NC - ‘Rustic’ Outer Banks cabins are slowly falling into the ocean. Can they be saved?

One of the most popular spots at Cape Lookout National Seashore on the Outer Banks is crumbling into the ocean, the National Park Service reports.

The “rustic wooden cabins” at Long Point must be moved and soon, otherwise they will not survive, park officials wrote on Facebook.

“The NPS cannot sustain the Long Point Cabins where they are right now,” officials said.

“Twenty years ago, there was over 300 (feet) of beach and dunes between the cabins and high tide. Today, there is 48 (feet) of flat sand.
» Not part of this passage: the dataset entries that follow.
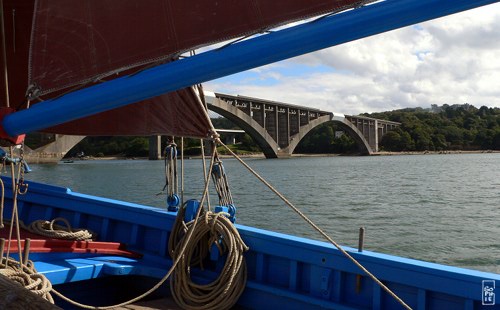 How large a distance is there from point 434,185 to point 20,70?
21630 millimetres

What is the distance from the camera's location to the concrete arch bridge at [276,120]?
46756 millimetres

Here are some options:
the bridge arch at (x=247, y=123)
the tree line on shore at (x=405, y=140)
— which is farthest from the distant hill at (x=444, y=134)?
the bridge arch at (x=247, y=123)

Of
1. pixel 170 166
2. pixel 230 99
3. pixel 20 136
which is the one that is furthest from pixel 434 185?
pixel 230 99

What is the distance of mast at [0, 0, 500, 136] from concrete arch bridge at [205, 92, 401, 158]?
38336mm

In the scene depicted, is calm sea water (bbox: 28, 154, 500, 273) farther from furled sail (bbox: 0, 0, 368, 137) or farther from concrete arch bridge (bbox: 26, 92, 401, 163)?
concrete arch bridge (bbox: 26, 92, 401, 163)

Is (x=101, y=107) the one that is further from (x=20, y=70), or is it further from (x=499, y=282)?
(x=499, y=282)

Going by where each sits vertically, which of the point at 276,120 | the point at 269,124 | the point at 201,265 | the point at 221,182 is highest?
the point at 276,120

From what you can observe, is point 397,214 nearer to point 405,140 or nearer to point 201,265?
point 201,265

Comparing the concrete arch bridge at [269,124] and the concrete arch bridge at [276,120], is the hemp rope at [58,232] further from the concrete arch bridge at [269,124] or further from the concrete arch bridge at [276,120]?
the concrete arch bridge at [276,120]

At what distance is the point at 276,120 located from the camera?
5806 cm

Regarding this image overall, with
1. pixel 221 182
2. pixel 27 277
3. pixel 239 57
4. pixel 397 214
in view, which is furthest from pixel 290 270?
pixel 397 214

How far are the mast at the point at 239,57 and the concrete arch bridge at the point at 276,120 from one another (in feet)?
126

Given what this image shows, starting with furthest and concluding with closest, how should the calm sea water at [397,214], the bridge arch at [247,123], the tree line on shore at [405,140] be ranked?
the tree line on shore at [405,140] < the bridge arch at [247,123] < the calm sea water at [397,214]

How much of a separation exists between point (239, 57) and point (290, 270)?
6.29 ft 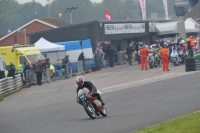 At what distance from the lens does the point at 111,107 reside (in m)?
18.4

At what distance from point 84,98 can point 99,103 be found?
1.50 feet

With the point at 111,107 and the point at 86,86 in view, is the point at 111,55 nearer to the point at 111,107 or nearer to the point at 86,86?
the point at 111,107

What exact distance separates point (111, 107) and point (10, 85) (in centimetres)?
1247

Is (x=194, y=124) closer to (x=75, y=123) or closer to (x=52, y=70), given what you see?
(x=75, y=123)

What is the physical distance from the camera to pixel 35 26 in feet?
219

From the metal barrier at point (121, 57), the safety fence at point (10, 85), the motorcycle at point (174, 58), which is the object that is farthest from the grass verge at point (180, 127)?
the metal barrier at point (121, 57)

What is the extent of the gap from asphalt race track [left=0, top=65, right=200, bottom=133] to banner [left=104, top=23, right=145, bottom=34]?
61.9 ft

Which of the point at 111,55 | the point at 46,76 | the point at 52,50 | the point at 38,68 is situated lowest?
the point at 46,76

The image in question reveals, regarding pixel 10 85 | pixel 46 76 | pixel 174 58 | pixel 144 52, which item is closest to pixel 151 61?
pixel 174 58

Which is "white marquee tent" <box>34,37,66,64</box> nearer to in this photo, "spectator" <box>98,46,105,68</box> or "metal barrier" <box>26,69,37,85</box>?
"spectator" <box>98,46,105,68</box>

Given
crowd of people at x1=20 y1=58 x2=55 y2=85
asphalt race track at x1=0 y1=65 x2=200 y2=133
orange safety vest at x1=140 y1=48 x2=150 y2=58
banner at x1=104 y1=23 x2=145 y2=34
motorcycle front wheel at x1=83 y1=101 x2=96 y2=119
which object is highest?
banner at x1=104 y1=23 x2=145 y2=34

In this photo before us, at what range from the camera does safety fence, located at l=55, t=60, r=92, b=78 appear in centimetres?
3825

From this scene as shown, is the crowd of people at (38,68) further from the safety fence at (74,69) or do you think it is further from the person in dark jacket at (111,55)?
the person in dark jacket at (111,55)

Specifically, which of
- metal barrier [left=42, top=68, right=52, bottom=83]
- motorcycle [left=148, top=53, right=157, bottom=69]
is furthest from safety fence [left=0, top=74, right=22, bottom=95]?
motorcycle [left=148, top=53, right=157, bottom=69] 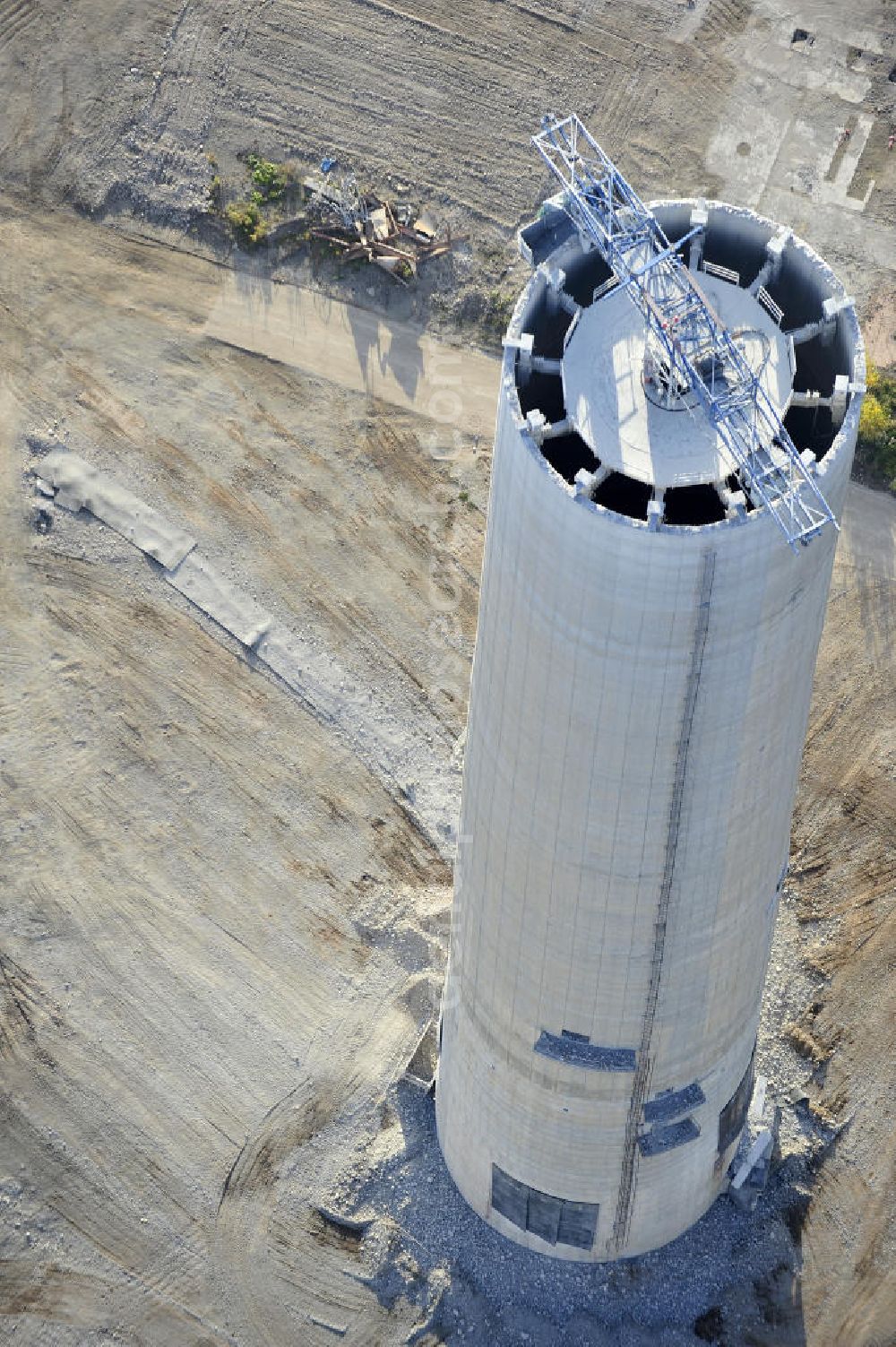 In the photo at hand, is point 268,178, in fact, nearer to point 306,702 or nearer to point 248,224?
point 248,224

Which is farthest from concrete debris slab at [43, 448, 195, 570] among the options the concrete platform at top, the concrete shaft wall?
the concrete platform at top

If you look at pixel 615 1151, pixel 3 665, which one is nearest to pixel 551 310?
pixel 615 1151

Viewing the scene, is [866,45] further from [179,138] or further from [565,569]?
[565,569]

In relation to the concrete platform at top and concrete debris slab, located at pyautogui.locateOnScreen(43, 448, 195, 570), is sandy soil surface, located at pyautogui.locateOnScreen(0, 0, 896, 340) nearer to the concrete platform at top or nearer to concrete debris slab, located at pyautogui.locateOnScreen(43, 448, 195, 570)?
concrete debris slab, located at pyautogui.locateOnScreen(43, 448, 195, 570)

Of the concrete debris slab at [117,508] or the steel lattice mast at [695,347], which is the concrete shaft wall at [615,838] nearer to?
the steel lattice mast at [695,347]

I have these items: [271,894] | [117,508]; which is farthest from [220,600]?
[271,894]

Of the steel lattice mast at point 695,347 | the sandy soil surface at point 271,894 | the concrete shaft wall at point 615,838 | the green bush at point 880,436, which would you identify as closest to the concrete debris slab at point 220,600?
the sandy soil surface at point 271,894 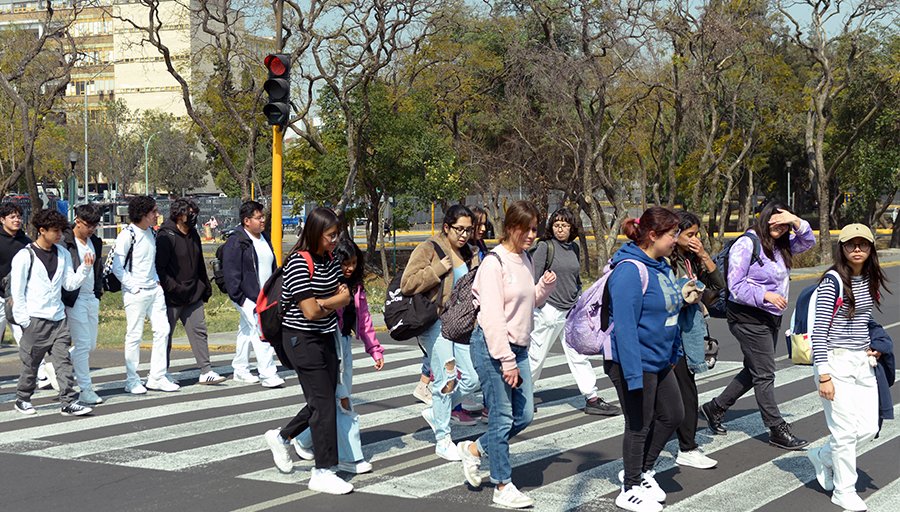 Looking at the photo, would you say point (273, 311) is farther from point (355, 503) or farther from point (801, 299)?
point (801, 299)

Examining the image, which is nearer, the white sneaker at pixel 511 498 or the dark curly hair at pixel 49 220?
the white sneaker at pixel 511 498

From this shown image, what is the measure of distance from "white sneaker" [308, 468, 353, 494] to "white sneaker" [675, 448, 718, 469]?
236 cm

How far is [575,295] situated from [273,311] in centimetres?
402

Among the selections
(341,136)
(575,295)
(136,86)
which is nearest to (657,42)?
(341,136)

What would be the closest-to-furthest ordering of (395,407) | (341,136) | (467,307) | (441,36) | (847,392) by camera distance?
(847,392) < (467,307) < (395,407) < (341,136) < (441,36)

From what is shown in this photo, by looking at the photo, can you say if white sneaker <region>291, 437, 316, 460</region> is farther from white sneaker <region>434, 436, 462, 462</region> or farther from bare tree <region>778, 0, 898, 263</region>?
→ bare tree <region>778, 0, 898, 263</region>

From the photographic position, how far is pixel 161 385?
1138 cm

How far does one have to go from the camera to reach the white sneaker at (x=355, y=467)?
7.61 metres

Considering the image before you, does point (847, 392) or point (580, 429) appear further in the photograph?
point (580, 429)

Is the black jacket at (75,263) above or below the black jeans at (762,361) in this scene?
above

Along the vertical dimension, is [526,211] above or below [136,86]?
below

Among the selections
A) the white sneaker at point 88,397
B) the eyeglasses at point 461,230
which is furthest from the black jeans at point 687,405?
the white sneaker at point 88,397

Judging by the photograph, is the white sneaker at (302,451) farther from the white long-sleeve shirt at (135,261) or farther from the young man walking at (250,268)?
the white long-sleeve shirt at (135,261)

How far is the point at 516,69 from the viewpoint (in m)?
33.7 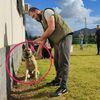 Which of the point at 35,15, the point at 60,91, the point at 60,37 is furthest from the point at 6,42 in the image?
the point at 60,91

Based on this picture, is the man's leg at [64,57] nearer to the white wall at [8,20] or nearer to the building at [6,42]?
the building at [6,42]

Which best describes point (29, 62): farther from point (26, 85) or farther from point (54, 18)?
point (54, 18)

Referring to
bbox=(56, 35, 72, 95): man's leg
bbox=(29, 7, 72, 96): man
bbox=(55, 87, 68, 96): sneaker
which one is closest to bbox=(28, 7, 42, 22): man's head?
bbox=(29, 7, 72, 96): man

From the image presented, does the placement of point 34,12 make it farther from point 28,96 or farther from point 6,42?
point 28,96

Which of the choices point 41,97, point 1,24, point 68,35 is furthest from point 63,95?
point 1,24

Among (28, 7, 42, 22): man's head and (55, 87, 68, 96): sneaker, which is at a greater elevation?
(28, 7, 42, 22): man's head

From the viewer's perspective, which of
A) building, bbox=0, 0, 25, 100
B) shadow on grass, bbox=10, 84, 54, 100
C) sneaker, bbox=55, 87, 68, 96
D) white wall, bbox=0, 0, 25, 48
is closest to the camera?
building, bbox=0, 0, 25, 100

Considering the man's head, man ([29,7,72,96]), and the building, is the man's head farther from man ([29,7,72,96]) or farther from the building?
the building

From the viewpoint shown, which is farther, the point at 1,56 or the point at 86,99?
the point at 86,99

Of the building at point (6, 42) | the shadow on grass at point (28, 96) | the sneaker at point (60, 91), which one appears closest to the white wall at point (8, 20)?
the building at point (6, 42)

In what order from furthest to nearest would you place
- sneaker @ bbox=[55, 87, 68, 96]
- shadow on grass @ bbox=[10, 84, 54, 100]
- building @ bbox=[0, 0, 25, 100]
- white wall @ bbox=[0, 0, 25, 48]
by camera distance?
1. sneaker @ bbox=[55, 87, 68, 96]
2. shadow on grass @ bbox=[10, 84, 54, 100]
3. white wall @ bbox=[0, 0, 25, 48]
4. building @ bbox=[0, 0, 25, 100]

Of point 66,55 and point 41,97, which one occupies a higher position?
point 66,55

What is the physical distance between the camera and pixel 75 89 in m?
9.12

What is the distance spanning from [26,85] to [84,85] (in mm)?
1478
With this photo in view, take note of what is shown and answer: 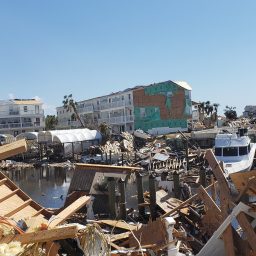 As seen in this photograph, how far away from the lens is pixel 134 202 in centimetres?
3136

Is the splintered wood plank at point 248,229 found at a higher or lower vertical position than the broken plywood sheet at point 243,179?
lower

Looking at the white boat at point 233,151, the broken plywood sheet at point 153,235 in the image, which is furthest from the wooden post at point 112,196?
the white boat at point 233,151

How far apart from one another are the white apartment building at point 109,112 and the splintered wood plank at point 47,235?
80.0 m

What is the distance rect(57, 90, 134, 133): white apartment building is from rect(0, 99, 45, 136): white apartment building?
23.5ft

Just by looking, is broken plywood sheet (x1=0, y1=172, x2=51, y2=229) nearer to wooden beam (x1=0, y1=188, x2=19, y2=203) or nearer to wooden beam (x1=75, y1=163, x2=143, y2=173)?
wooden beam (x1=0, y1=188, x2=19, y2=203)

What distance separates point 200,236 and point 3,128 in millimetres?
93079

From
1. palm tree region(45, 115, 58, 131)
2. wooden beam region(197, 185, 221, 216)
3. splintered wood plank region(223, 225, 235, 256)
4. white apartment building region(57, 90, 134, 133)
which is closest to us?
splintered wood plank region(223, 225, 235, 256)

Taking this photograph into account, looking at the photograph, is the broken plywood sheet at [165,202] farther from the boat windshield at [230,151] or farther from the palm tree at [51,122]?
the palm tree at [51,122]

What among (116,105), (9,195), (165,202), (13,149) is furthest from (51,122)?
(13,149)

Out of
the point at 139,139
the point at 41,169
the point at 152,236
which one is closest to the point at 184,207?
the point at 152,236

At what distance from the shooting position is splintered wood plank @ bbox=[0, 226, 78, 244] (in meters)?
6.18

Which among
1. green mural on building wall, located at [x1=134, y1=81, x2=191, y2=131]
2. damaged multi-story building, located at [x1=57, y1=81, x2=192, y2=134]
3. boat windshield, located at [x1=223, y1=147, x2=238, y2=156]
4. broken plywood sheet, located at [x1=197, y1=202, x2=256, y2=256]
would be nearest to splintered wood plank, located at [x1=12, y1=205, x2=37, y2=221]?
broken plywood sheet, located at [x1=197, y1=202, x2=256, y2=256]

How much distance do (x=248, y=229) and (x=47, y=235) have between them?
3829 mm

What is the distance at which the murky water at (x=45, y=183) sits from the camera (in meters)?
38.1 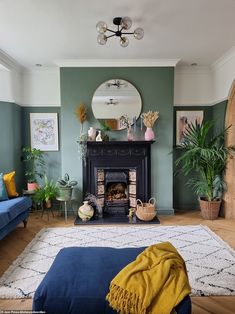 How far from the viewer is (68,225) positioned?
422 cm

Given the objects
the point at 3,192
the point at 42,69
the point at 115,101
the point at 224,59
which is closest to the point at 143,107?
the point at 115,101

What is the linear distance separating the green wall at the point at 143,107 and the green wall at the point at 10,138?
3.11ft

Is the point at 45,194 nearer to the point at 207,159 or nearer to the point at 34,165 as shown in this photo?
the point at 34,165

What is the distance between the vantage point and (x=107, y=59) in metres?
4.57

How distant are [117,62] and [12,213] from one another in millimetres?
3134

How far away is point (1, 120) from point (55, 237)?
2.38 m

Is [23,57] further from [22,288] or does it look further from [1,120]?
[22,288]

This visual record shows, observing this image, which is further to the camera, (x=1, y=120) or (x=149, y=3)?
(x=1, y=120)

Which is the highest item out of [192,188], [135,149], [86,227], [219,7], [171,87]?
[219,7]

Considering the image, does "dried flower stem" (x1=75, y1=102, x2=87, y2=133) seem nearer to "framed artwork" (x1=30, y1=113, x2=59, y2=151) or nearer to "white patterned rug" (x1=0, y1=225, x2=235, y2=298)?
"framed artwork" (x1=30, y1=113, x2=59, y2=151)

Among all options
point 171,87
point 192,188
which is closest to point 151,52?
point 171,87

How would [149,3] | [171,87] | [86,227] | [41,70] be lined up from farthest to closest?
[41,70], [171,87], [86,227], [149,3]

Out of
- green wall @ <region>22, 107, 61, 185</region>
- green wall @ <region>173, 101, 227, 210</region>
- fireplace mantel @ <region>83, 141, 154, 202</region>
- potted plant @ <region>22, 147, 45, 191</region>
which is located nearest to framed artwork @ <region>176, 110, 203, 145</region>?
green wall @ <region>173, 101, 227, 210</region>

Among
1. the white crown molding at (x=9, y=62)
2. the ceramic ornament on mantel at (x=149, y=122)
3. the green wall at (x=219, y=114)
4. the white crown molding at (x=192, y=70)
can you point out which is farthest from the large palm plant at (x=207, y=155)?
the white crown molding at (x=9, y=62) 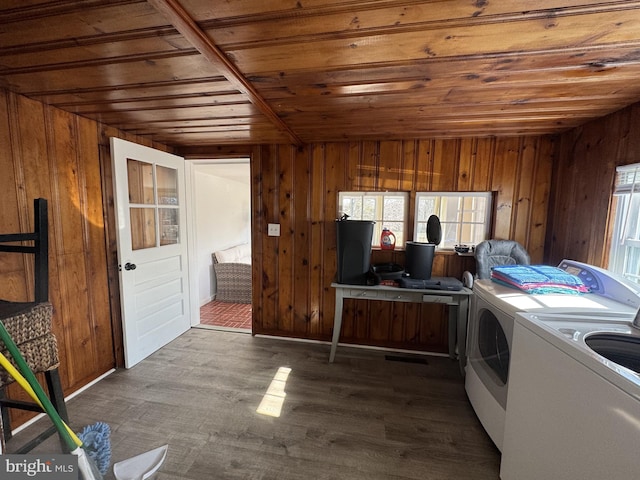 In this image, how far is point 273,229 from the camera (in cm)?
279

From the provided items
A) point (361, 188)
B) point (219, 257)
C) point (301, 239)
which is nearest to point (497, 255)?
point (361, 188)

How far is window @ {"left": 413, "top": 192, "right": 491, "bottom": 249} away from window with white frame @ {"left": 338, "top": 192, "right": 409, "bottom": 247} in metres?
0.14

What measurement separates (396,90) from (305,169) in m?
1.35

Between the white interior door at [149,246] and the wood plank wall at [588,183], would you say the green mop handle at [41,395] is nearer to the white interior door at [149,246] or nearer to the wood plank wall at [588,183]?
the white interior door at [149,246]

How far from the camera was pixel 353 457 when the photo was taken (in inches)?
57.8

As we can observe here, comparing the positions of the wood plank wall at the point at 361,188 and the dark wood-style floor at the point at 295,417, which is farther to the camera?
the wood plank wall at the point at 361,188

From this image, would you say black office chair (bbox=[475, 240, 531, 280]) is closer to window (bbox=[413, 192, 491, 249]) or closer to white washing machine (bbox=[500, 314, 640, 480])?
window (bbox=[413, 192, 491, 249])

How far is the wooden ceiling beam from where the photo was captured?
0.87 m

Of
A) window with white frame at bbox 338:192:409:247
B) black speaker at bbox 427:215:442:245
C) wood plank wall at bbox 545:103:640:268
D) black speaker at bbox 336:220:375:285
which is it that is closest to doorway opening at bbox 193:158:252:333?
black speaker at bbox 336:220:375:285

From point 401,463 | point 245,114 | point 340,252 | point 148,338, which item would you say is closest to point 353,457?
point 401,463

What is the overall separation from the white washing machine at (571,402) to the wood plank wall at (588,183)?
1.06 m

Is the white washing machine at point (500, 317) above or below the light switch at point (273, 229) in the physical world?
below

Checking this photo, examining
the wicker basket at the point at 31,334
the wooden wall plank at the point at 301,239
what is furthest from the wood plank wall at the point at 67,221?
the wooden wall plank at the point at 301,239

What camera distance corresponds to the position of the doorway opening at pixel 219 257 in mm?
3562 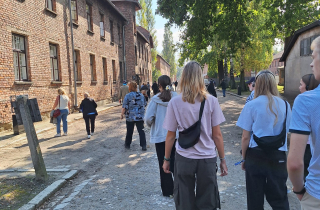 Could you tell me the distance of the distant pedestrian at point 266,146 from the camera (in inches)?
105

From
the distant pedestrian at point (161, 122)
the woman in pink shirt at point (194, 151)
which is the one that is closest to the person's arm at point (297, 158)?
the woman in pink shirt at point (194, 151)

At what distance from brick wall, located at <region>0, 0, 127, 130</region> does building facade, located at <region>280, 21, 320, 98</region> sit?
15.3m

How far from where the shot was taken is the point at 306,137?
5.13 feet

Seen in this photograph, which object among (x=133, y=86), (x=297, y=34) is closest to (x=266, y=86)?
(x=133, y=86)

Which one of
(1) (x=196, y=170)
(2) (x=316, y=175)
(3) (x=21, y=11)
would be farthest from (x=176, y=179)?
(3) (x=21, y=11)

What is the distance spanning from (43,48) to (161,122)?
36.6 feet

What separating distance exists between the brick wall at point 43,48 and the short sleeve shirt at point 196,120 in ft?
31.1

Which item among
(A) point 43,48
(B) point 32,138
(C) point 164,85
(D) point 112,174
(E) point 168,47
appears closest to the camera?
(C) point 164,85

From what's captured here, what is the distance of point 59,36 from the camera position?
14828 millimetres

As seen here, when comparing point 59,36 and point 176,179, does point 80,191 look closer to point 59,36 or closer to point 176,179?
point 176,179

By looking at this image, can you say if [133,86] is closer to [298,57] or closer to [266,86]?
[266,86]

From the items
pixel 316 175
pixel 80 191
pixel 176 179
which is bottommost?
pixel 80 191

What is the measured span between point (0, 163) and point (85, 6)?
14918mm

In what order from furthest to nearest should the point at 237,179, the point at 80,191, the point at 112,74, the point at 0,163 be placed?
the point at 112,74
the point at 0,163
the point at 237,179
the point at 80,191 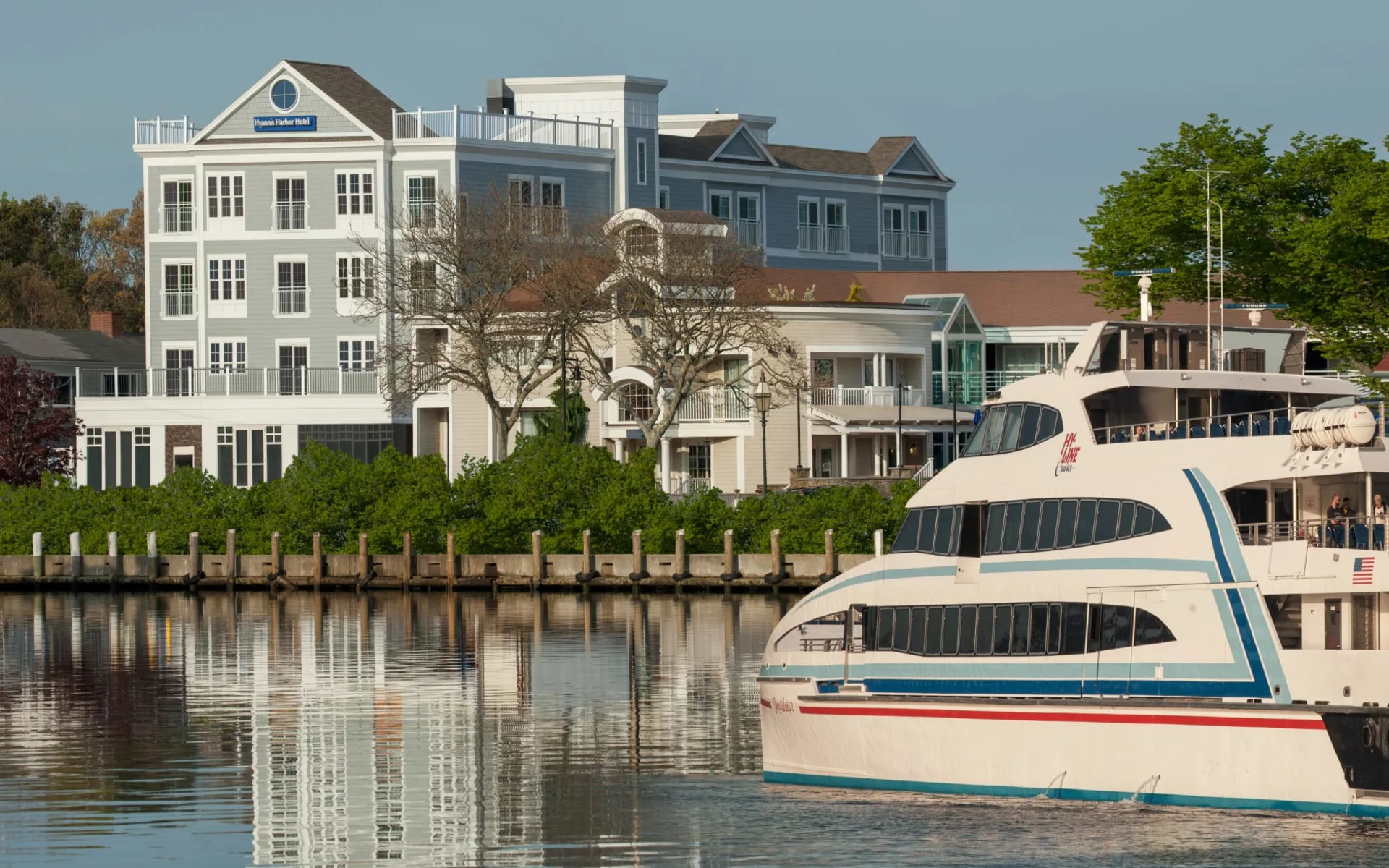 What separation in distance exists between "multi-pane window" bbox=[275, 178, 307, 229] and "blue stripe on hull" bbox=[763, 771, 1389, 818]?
74.3 m

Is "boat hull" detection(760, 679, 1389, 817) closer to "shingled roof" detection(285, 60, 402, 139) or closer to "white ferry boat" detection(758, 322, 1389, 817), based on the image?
"white ferry boat" detection(758, 322, 1389, 817)

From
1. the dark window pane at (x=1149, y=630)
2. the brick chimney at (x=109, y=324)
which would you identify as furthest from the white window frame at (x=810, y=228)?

Extreme tides wash under the cabins, and through the camp ... The NPS is not looking to do away with the cabins, but is looking at a better place to locate them that might last, and is better protected.”

Photos shared by the National Park Service show the corners of multiple cabins now hanging over the ocean at high tide, and waves have cut a small cliff in the sand, known as a scarp.

North Carolina’s Outer Banks — a constantly shifting series of barrier islands — have been hit hard by rising sea levels and extreme weather in recent years, including heavy flooding caused by Hurricane Dorian in September. The storm cut 54 new inlets between the ocean and the Pamlico Sound on the other side of the islands, the News & Observer reported at the time.